Material supplied →

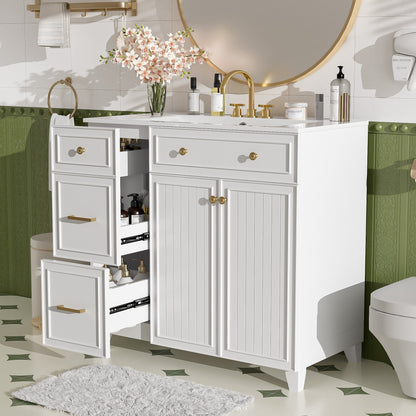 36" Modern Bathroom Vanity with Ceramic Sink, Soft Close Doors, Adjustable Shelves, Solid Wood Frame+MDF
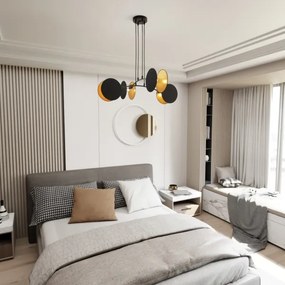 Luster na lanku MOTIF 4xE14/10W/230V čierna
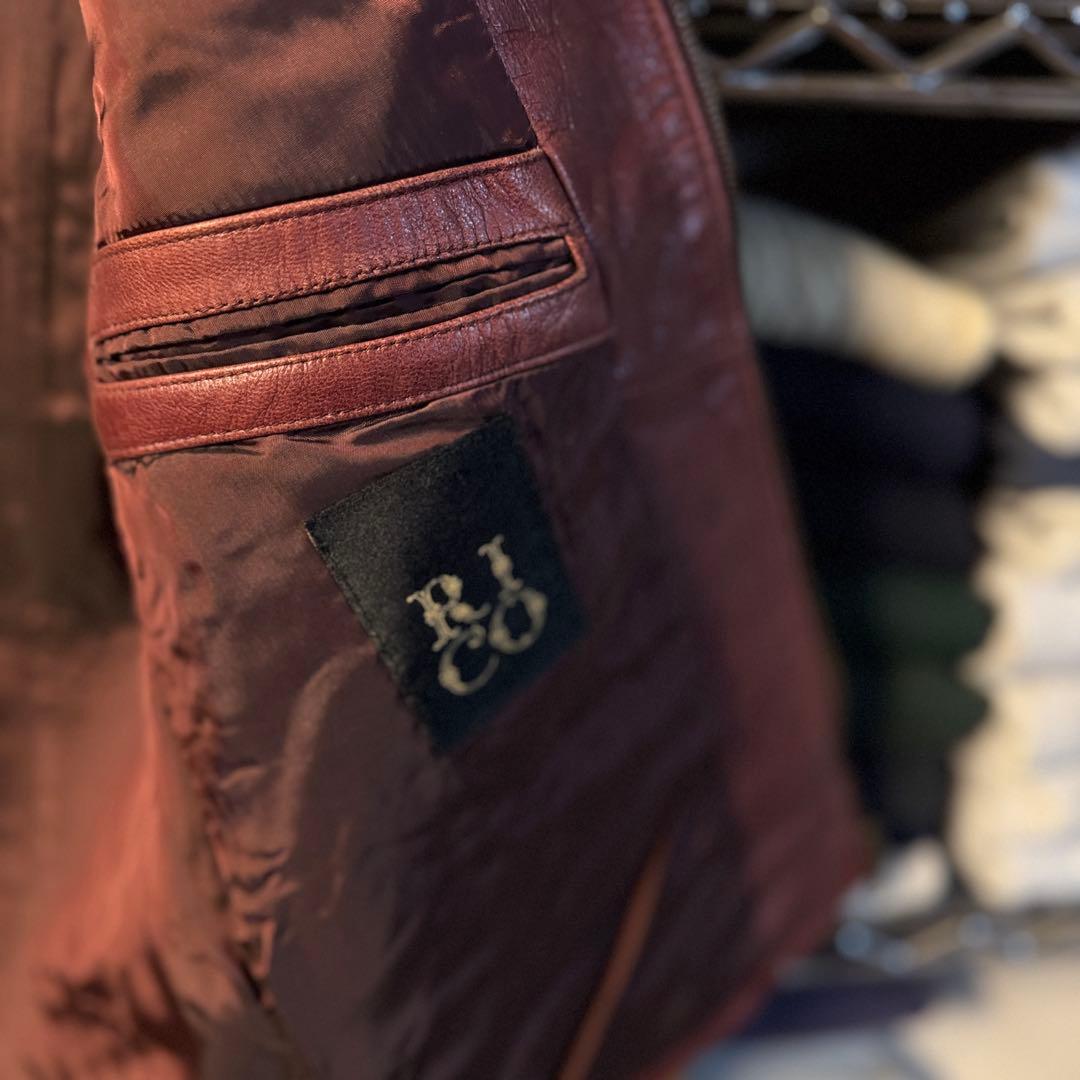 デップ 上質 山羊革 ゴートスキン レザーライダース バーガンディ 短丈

...

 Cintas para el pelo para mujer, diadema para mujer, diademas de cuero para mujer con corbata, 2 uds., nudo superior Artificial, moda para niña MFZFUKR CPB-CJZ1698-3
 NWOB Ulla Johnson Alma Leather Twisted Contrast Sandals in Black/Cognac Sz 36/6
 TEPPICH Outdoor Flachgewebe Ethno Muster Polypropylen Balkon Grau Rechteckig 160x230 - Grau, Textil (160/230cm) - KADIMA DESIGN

==

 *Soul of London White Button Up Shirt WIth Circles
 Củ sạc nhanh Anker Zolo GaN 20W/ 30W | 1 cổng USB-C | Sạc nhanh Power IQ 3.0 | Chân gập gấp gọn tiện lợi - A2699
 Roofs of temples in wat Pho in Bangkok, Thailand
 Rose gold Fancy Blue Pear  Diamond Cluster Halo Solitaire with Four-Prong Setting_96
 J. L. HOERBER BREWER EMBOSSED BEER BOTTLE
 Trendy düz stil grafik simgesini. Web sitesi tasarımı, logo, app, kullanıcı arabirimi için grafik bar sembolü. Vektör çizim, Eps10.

Your objective → Going back over the entries above, copy word for word every line from the one that has "Rose gold Fancy" on through the one that has "Trendy düz stil".

Written answer →
 Rose gold Fancy Blue Pear  Diamond Cluster Halo Solitaire with Four-Prong Setting_96
 J. L. HOERBER BREWER EMBOSSED BEER BOTTLE
 Trendy düz stil grafik simgesini. Web sitesi tasarımı, logo, app, kullanıcı arabirimi için grafik bar sembolü. Vektör çizim, Eps10.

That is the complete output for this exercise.